The Employment (Equal Opportunities) Law 1988 prohibits dismissal on the basis of sex, sexual orientation, personal status, pregnancy, parenthood, age, race, religion, nationality, country of origin, political views, or military service. This list applies to foreign nationals as well — discriminatory dismissal of a foreign employee is actionable under Israeli law.
4. Severance Pay on Dismissal
Employees dismissed after 12 months of continuous employment are entitled to severance pay under the Severance Pay Law 1963, calculated at one month's last salary per year of employment. An employee who resigns voluntarily is generally not entitled to severance — though resignation under circumstances that amount to constructive dismissal (where the employer has made the working conditions untenable) may be treated as dismissal by the Labor Court.
Many employers structure severance through a Section 14 pension arrangement, where the employer's pension contributions to a compensation fund throughout employment serve as severance on termination. If your contract includes a Section 14 arrangement, you receive the accumulated fund balance regardless of whether you resign or are dismissed — removing the need to prove entitlement on departure.
Severance can be reduced or forfeited in cases of dismissal for cause (gross misconduct, theft, serious breach of trust). Forfeiture requires a Labor Court ruling in most cases — employers cannot unilaterally withhold severance. For more detail see our guide on Severance Pay for Foreign Workers in Israel.
5. Remedies for Wrongful Termination
The Regional Labor Court has broad discretion to award remedies for wrongful termination.

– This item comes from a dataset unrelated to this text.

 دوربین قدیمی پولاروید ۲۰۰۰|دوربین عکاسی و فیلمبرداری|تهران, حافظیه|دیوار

Options include:
- Compensation without reinstatement: The most common outcome in wrongful termination cases. The court awards a sum — typically ranging from a few months to a year of salary — to compensate for the unlawful dismissal.
- Reinstatement: Less common, particularly in small workplaces, but courts do order reinstatement in cases involving protected categories (such as pregnancy-related dismissal) or where the relationship can realistically continue.

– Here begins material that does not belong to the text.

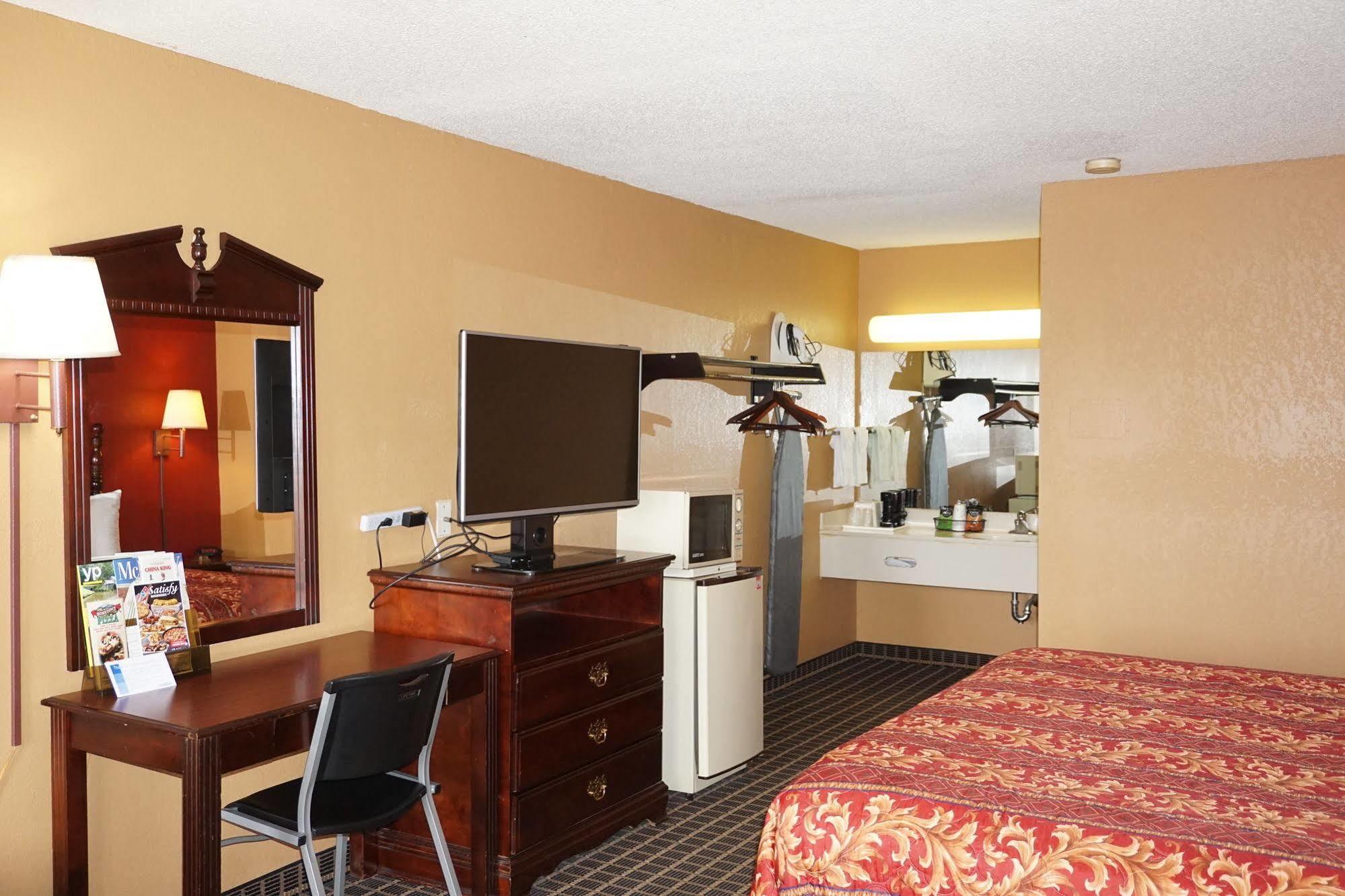 Star Plus Inn & Suites Selmer ภายนอก รูปภาพ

- Notice pay: If the required notice was not given, the court will order payment of the notice period.
- Severance arrears: If severance was withheld unlawfully, the court will order payment with interest and potential penalties.
- Discriminatory dismissal compensation: Under the Equal Opportunities Law, the court may award additional damages for discriminatory dismissal beyond ordinary wrongful termination compensation.
6. Filing a Wrongful Termination Claim
Claims for wrongful termination are filed in the Regional Labor Court in the district where the employee worked. Israel has Regional Labor Courts in Tel Aviv, Jerusalem, Haifa, Be'er Sheva, Nazareth, and Petah Tikva. Filing fees in the Labor Court are lower than in civil courts.
The limitation period for employment claims in Israel is generally 7 years under the Employment Claims Prescription Law, but it is important to act promptly — evidence of the dismissal circumstances (hearing records, email exchanges, witness availability) degrades over time.
Foreign nationals can file claims in the Labor Court on the same basis as Israeli employees. The proceedings are in Hebrew, so legal representation by an Israeli attorney is important. Hearings can be conducted by video for parties abroad in appropriate cases.